I try to collect old books that have something to do or say about the Philippines, but of course that becomes more difficult the farther back you go. In my office, I display a page from a German book on geography from 1578 that talks about “den Philippinischen Insuln,” and I’m sure other collectors have much earlier material. But sometimes I pick up antiquarian documents just to be able to show my students what truly old texts looked like, and in this batch is a page from a Latin breviary published in Augsburg in 1490—an example of true incunabula, or something printed roughly within 50 years of Gutenberg’s 1455 Bible.
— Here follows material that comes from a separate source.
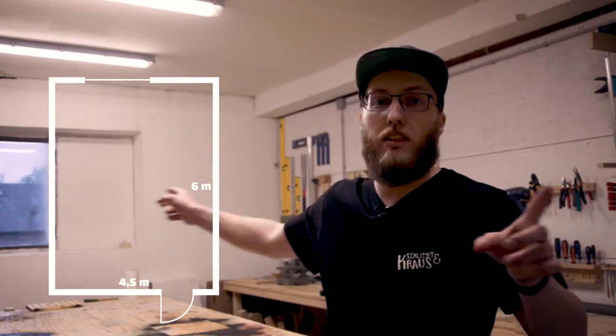My shop has roughly 25 square meters, with 4.5 square meters in width and 6 meters in depth. I used Fusion 360 to somewhat layout the shop and get a feel for the space.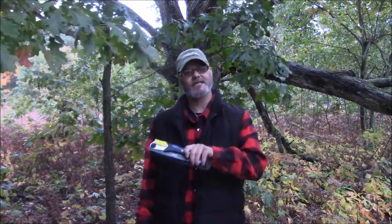Hey guys, Rob at Minton State Bushcraft. Earlier today I had to run into town to pick up some supplies for the homestead and some things that I needed before my Kentucky trip.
There’s an extensive and rather grisly account of a “Massacre at Manilla” in my 1822 copy of Vol. X of The Atheneum, a Boston-based compilation of highlights from imported contemporary English magazines (the “magazine” as we know it today grew popular in England in the 1700s). The article is an unattributed eyewitness account, reported by a victim of a brutal massacre of foreigners—English French, Danish, Spanish, and Chinese, among others—following a false report that they were responsible for fomenting a cholera epidemic that had decimated the natives by giving out poisoned medicine (shades of today’s Dengvaxia hysteria). It occurred to me that I had read about this same massacre before from Paul P. de la Gironiere, who was serving as a doctor aboard a French ship in Cavite at the time, and who claims to have performed great deeds of daring in the emergency.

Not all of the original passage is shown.